- Work to complete -
Starting with the line where "Professional makeup brush set" appears, print every line through the end of the entries below exactly as it stands, and leave out the pictures.

- Data to use -
········

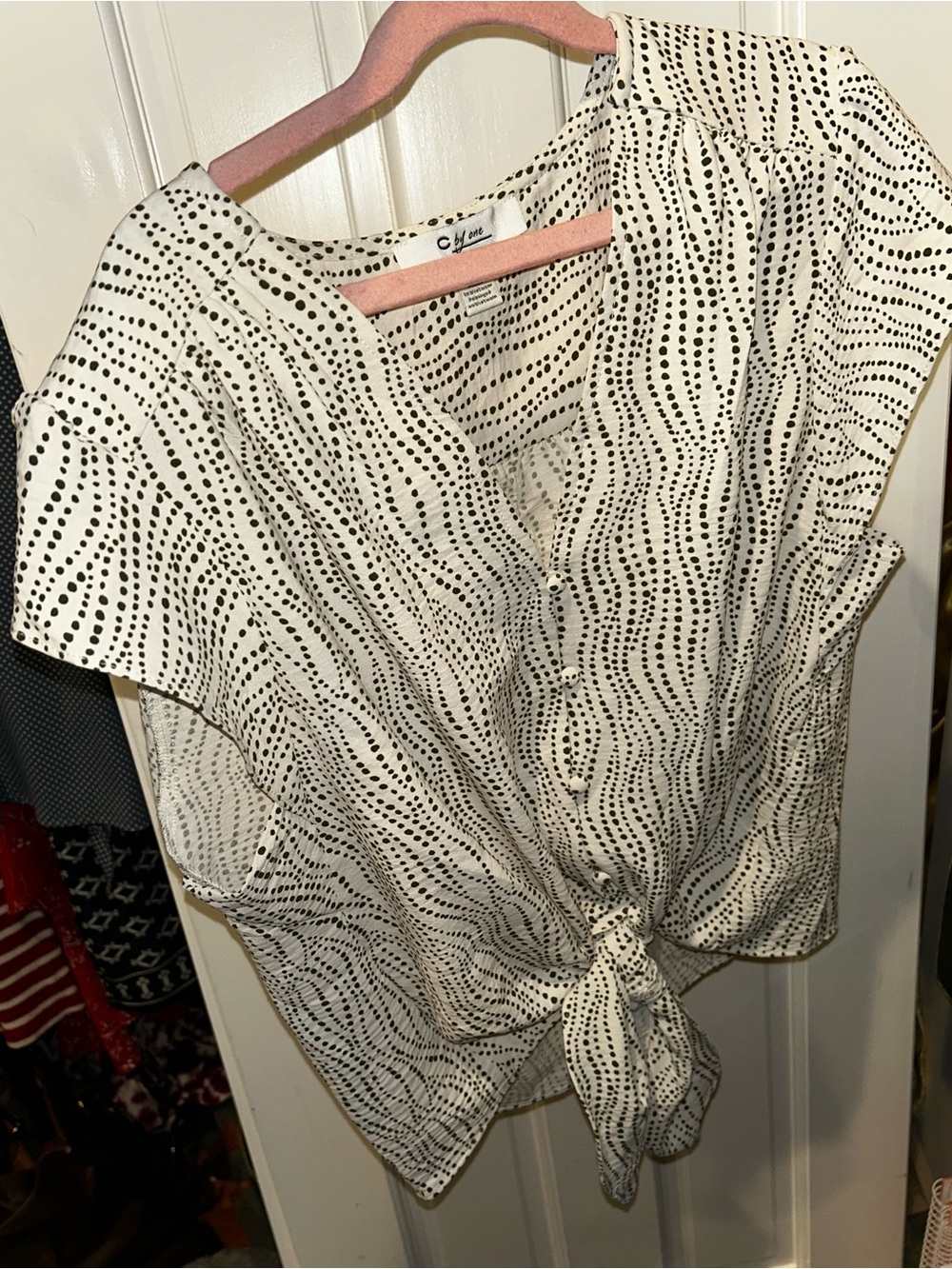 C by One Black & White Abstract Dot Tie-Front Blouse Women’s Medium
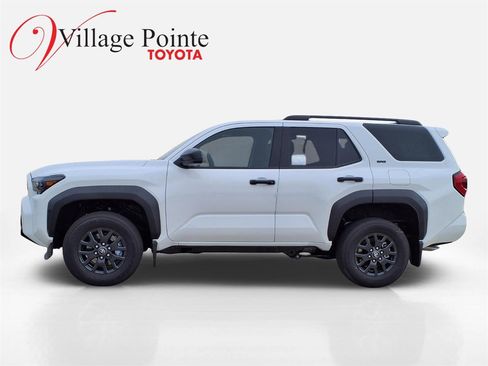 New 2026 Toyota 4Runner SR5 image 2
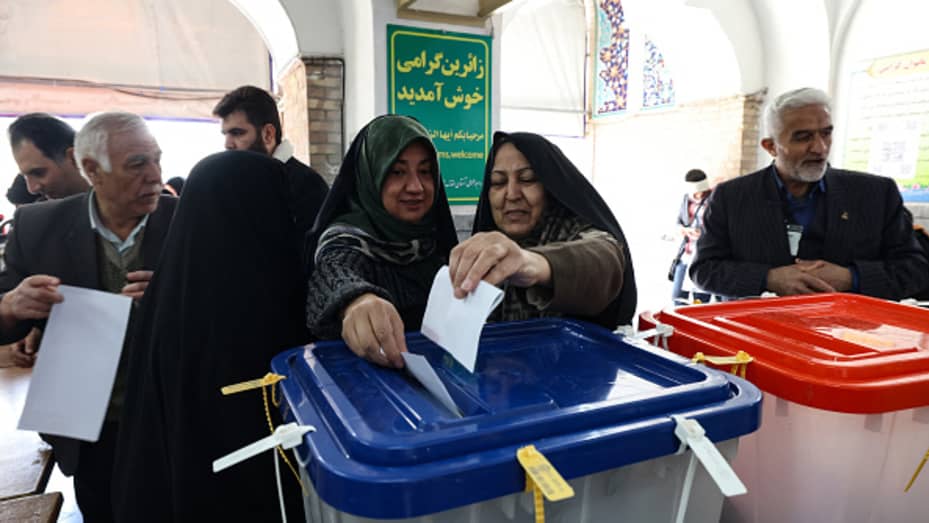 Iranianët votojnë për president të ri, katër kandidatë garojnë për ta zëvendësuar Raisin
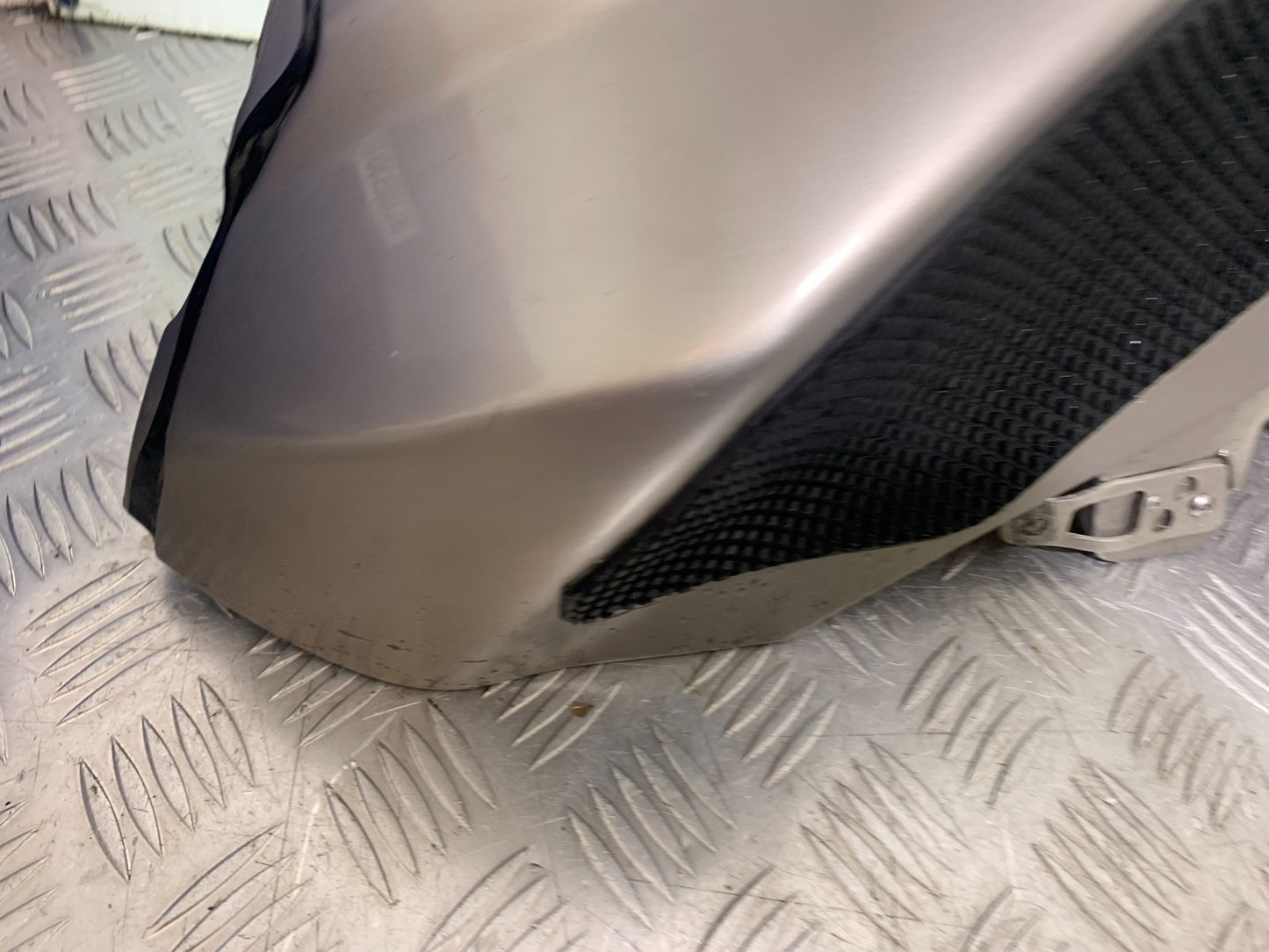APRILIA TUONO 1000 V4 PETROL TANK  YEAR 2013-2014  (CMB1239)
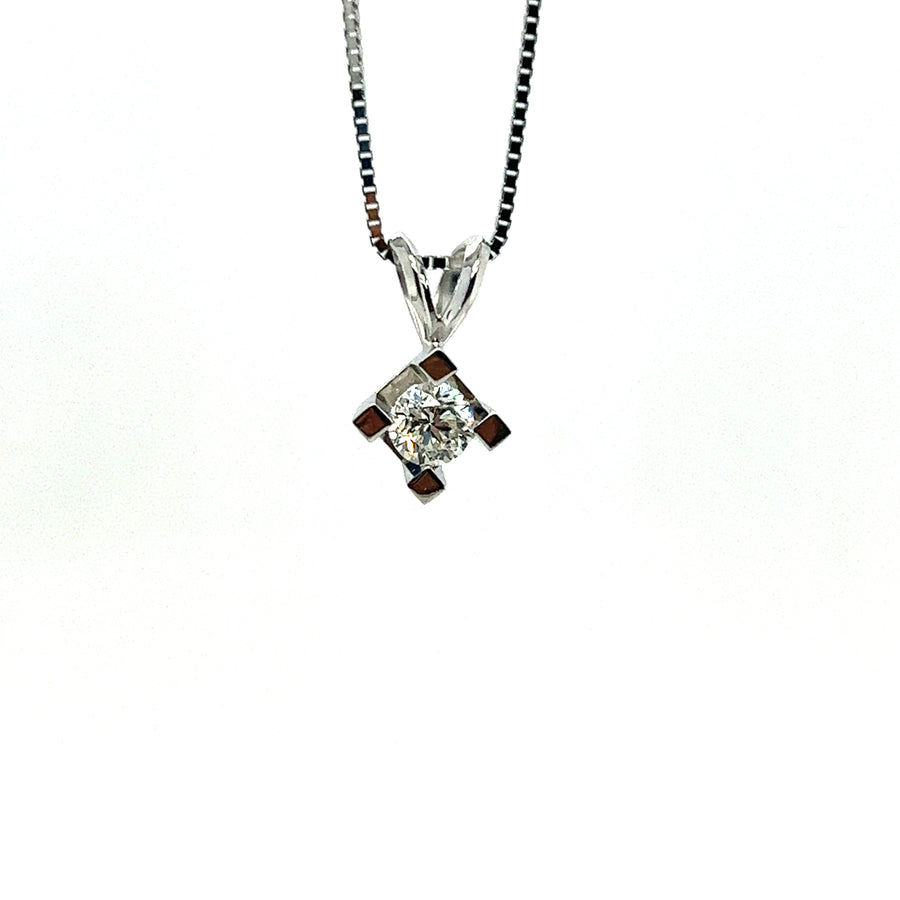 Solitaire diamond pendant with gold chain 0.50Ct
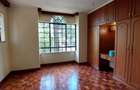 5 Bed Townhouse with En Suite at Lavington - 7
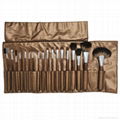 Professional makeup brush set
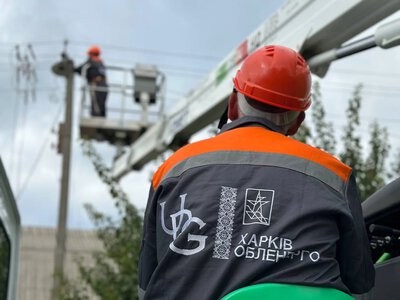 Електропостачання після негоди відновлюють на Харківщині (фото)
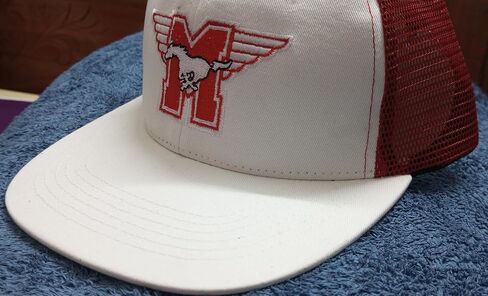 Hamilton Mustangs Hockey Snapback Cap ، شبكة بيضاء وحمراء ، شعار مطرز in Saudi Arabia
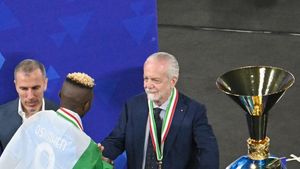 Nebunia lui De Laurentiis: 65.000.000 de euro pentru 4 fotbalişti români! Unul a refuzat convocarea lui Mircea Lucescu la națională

········

- Solution for this exercise -
 Professional makeup brush set
 Електропостачання після негоди відновлюють на Харківщині (фото)
 Hamilton Mustangs Hockey Snapback Cap ، شبكة بيضاء وحمراء ، شعار مطرز in Saudi Arabia
 Nebunia lui De Laurentiis: 65.000.000 de euro pentru 4 fotbalişti români! Unul a refuzat convocarea lui Mircea Lucescu la națională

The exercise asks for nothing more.